I was in a sorority in college, and for many people who were never involved in Greek Life, sororities may seem like they're shrouded in mystery and secret ritual. One of the most enigmatic things sororities do is formal recruitment, which is the process used to choose new members. Over the course of a few weeks, each potential new member will go to each sorority house and talk to a few sisters for a certain length of time. After every round, there's what's called a "mutual selection process" where the newbies decide which houses they'd like to return to to chat some more, and the houses in turn decide who they would like to invite back to get to know better as well. By the end of the process, the goal is for the potential new member to choose a house she feels she fits in with, and for the sorority to find an awesome pledge class.
Sound confusing, tiring, and scary? It is. You know what's also all three of those things? Applying to jobs. See, I'm not participating in sorority recruitment anymore, but I am looking for a new job. After the last time I went through the ordeal of "submit resume, phone interview, in-person interview, waiting game, rejection," I thought to myself, "Wait, this whole lengthy, seemingly-arbitrary selection process and crushing sense of disappointment feel vaguely familiar...oh, I know, this is all exactly what I went through during sorority recruitment!" I can't say it was an encouraging epiphany, but it was an epiphany nonetheless.
So, even though I haven't landed my dream job (yet), I have been on both sides of the recruitment process and I've learned a lot about getting people to pick you for stuff (and why that can be so hard sometimes). If my struggles can help just one person through their career search, recruitment, or anything else, it will have all been worth it. Sort of. Here's how trying to get into a sorority is a lot like trying to get a job.
1. You talk to a LOT of strangers.
Sorority recruitment is literally centered around freshmen getting paired up with sorority members they've never met and talking to them. Even though the aim is to have a relaxed, fun conversation, it often ends up feeling like an interview: "Where are you from? What's your major? What clubs are you involved in?" Job interviews are literally exactly this, but instead of talking about your major you get to talk about your past work experience. Whoopee. At least there's an upside: you'll get really good at making small talk with strangers, one way or another.
2. Elimination seems really personal...
When I got eliminated from sororities, it was a huge blow to my ego. Wondering where I went wrong, since I thought I'd had pretty good conversations, literally kept me up at night. Yeah, I took it really personally. It's hard not to when someone is judging your membership into a group based on how you interacted with them. When I didn't make it in, I felt like I wasn't good enough and there was something wrong with me. Sound familiar, job-seekers?

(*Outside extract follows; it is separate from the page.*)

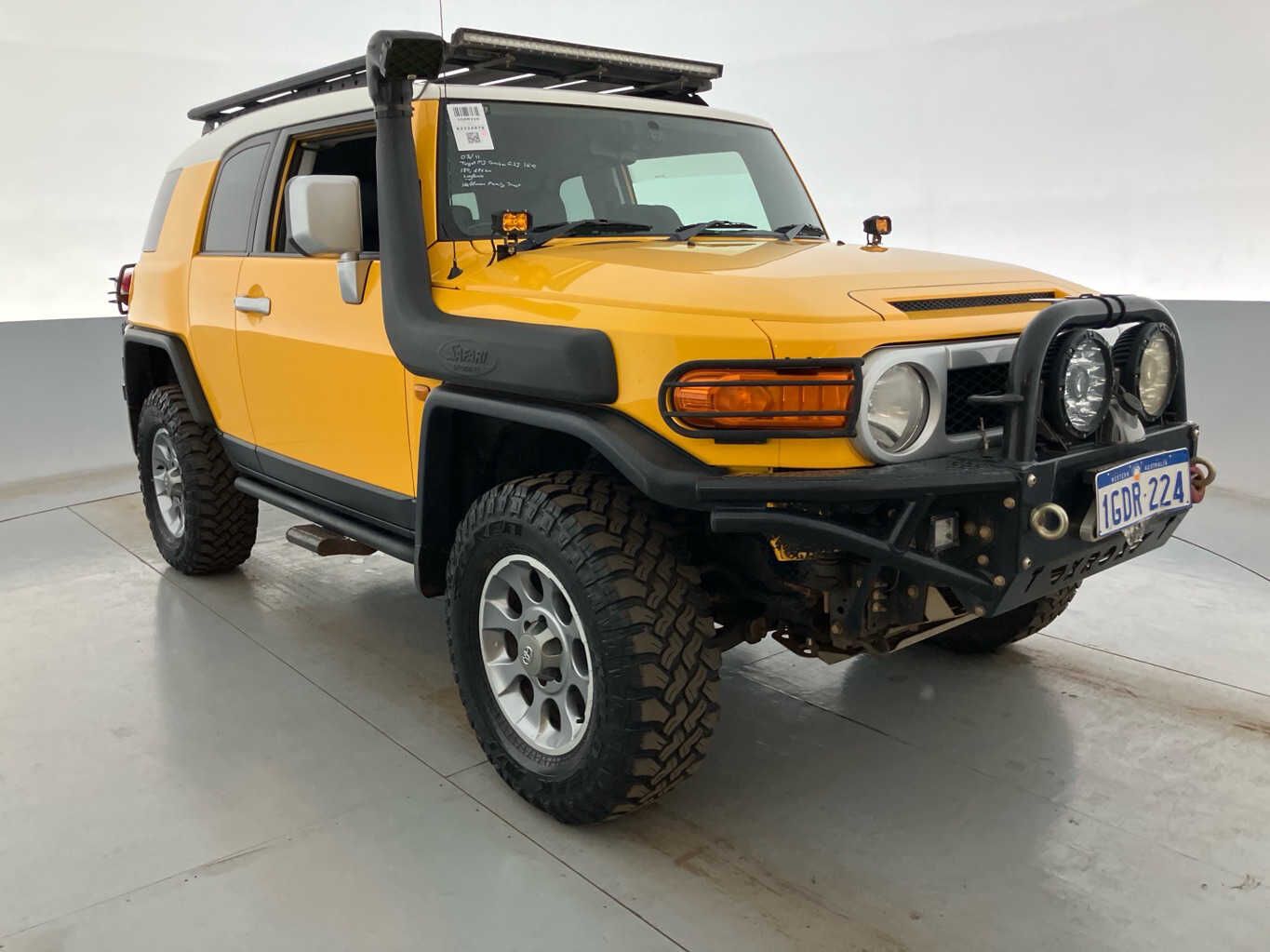 2011 Toyota FJ Cruiser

3. ...When in reality it's not.
Once I experienced recruitment from the other side, I realized how impersonal our decisions to cut people actually were. I'm probably not supposed to go into too many details about selection, so I'll just say that a big majority of it's based on those brief interactions you have — remember the small talk? Some people are great at it, others aren't. I guess small talk is kind of like standardized testing in that way. A decision to eliminate someone was generally not personal, since we never really had the time to get to know them too well in the first place. I haven't been #blessed enough to become a hiring manager, but I would imagine job hiring plays out similarly, since the choice to extend an offer or not is made after a pretty brief interview. That might sound the opposite of helpful, but it reminds me that in interviews I should focus on giving the best interview I can — rather than what I think the interviewer wants — since in the end I'll never know why they made their decision.
4. It helps to have connections.
Where I went to school, if you knew people in sororities, you were automatically in a better position than somebody just going in blind. You had somebody to vouch for you, go to bat for you, and just generally spread the word to her sisters about how awesome you are. Which is exactly how it works in the employment search, too. It is, and always will be, about who you know.
5. It seems to go on forever.
Recruitment lasted two weekends — and I mean two full weekends. All day Saturday and Sunday the first week, and all night Friday and Saturday the next. It was long. It was exhausting, emotionally and physically. It felt like it would never end. But somehow, the light at the end of the tunnel appeared, and recruitment was over — until the next year, anyway. I promise you, your job search has to end at some point. Even if you feel like you'll be emailing resumes until you turn 80, that just seems really unlikely.
6. It will all work out eventually.
I know you're sick of hearing it, because I'm sick of hearing it, too. But just trust me on this one. I was so discouraged midway through recruitment, I wanted to punch the next person who told me everything would work itself out and I'd find the house I'd be happy in. But guess what? I did. And if that worked out, I'm sure my job quest (because that's what it is, at this point) will work out too. Just be positive, and have a little faith. And if all else fails, you can come send out resumes at the retirement home with me.